TOKYO, 19 Oct – England produced a masterclass in taking their opportunities as they marched into the semi-finals.
Eddie Jones's men did not dominate any of the statistics that usually determine the winning side. They made more than twice as many tackles as Australia, and fewer than half the metres of the Wallabies, but they still came out on top.
A big reason for that was their ability to capitalise on their opponents’ mistakes. England scored 31 points from seven visits to the Australian 22 – that is an exceptional conversion rate. Making mistakes is fine when the opposition cannot score from them. That was not the case for Australia.
There were two tries that halted Australian progress and gave England the victory. The first was the second try for Jonny May, see video below.
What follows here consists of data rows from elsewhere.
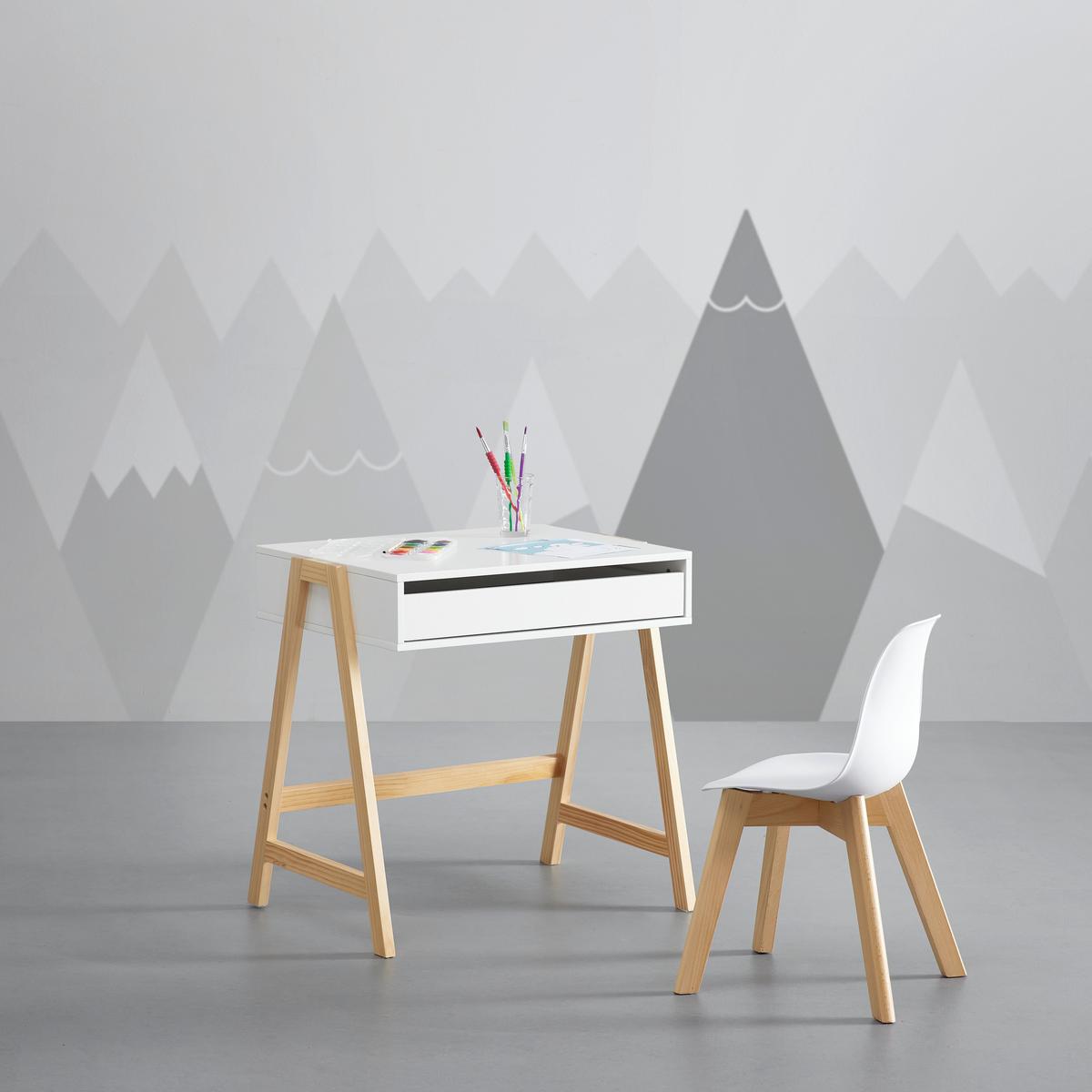 Kindertisch Pino Weiß Echtholz/MDF ca. 60x45 cm - Weiß/Kieferfarben, MODERN, Holz (60/45/60cm) - Bessagi Kids
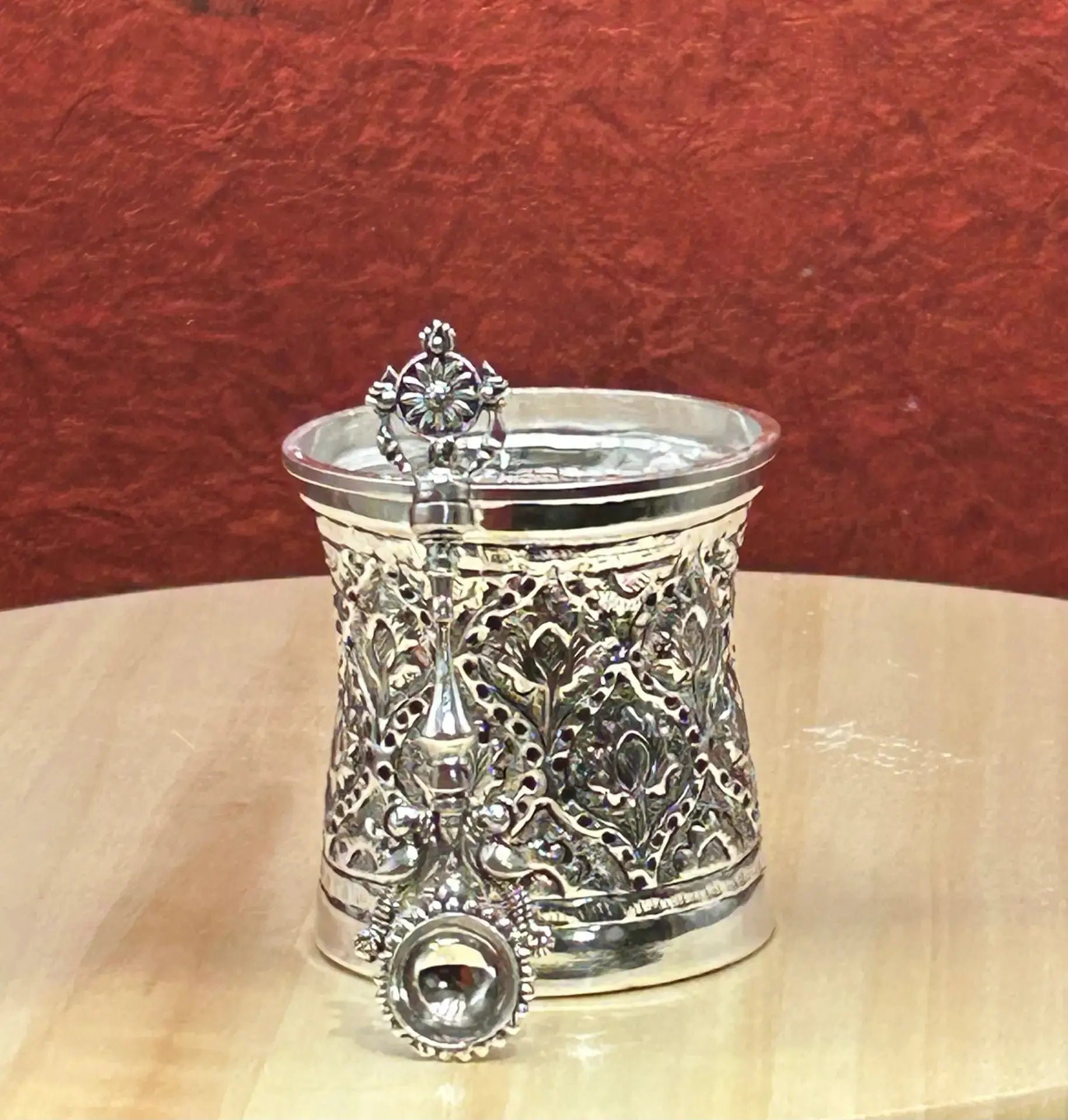 Antique Deaigner Punchapathra With spoon Crazy Silver Shine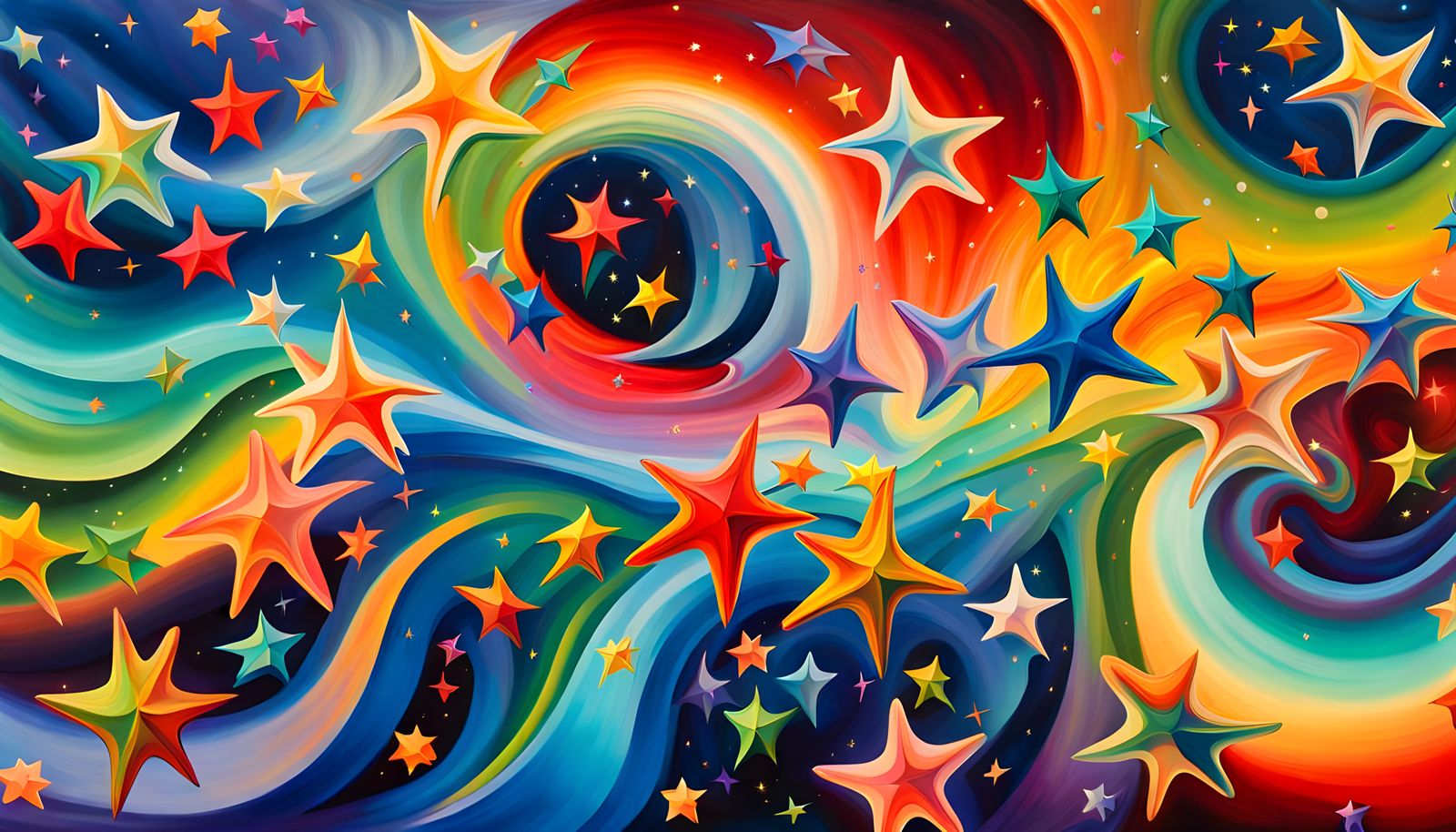 Cosmic Star Cluster in Impasto Style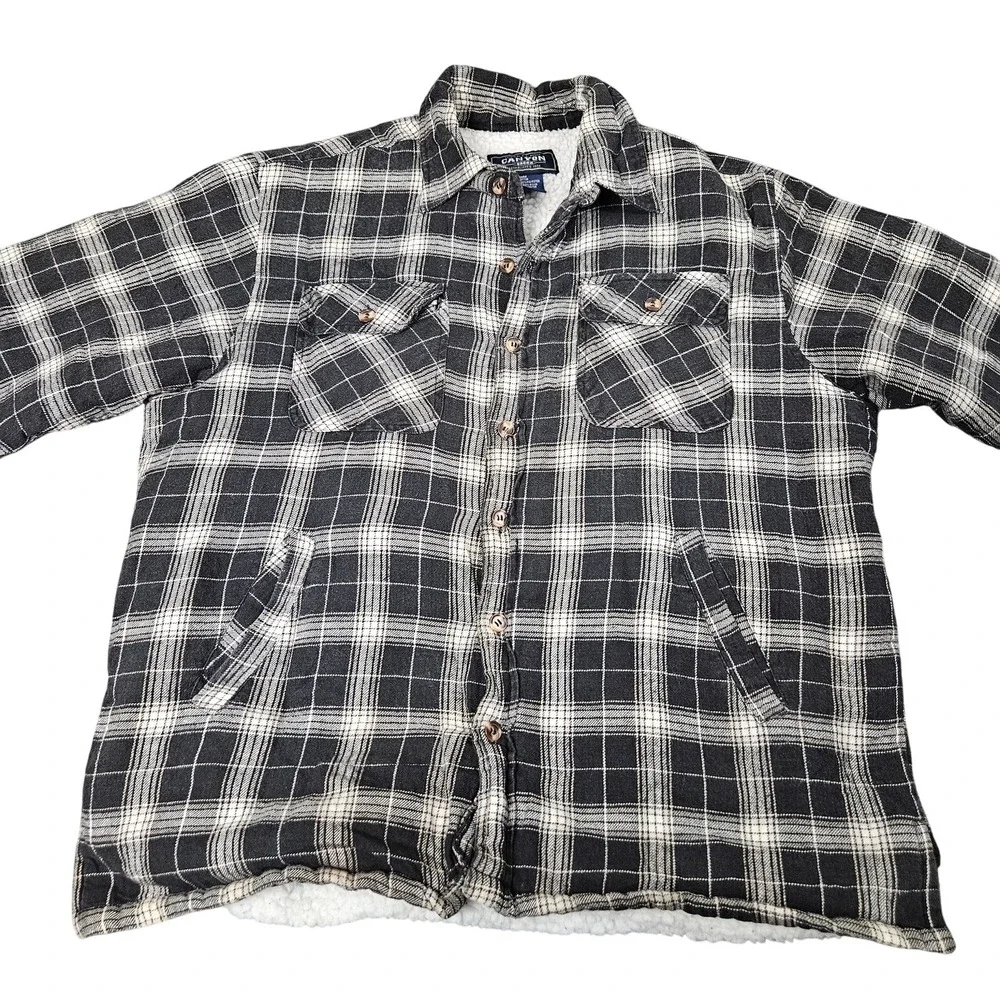 Vintage Shirt Jacket Mens XL Black Plaid Sherpa Lined Shacket Flannel Workwear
That came just two minutes after his, and England’s, first score. Australia were attacking and a try for them would have put them back in the lead. David Pocock received the ball under pressure and tried to offload to Christian Lealiifano, but the pass went awry and was intercepted by Henry Slade.
The England centre spotted he had nobody in front of him and charged down the pitch. The combination of Marika Koroibete and Kurtley Beale would have caught him, but he had support from May. The winger was communicating as he was chasing so Slade knew exactly when and where May wanted the ball. Both defenders were pulled towards Slade and a deft grubber towards the sideline allowed May to collect the ball in space.
Australia later closed to within a single point early in the second half, and England were in danger of being reeled in. That resistance was ended by a Kyle Sinckler try on 46 minutes.
Flat passes close to the defensive line are high risk. They are dangerous because they can be intercepted by nearby defenders. The benefits are they force the defence to show how they want to defend.
England have five options at the start of this video, below. Owen Farrell can carry, he can pass to Maro Itoje or Mako Vunipola, he can pass out the back to Manu Tuilagi or he can fizz a brilliant pass to Sinckler. Australia had to defend all five possibilities, and he chose the last option. Once Farrell got to the defensive line, the Australia pairing of Tolu Latu and Lealiifano split. Latu was defending Vunipola and Lealiifano was picking up Sinckler.
The fly-half thought Sinckler, above, was no longer an option so he drifted to the outside defenders. Latu had to bite in to defend Vunipola, an easier pass for Farrell. Farrell saw that in a split second and hit the wide-open Sinckler. The defenders parted in front of him and the prop will have known as soon as he got the ball he would score. That was quite some way to claim your first try in international rugby.
Australia had moments in Oita where they looked like the better team. Unfortunately for them any momentum they generated was almost immediately crushed by an English score.
Whoever England face in the semi-finals will know they can dominate possession and the statistics, but England can still emerge as the winners.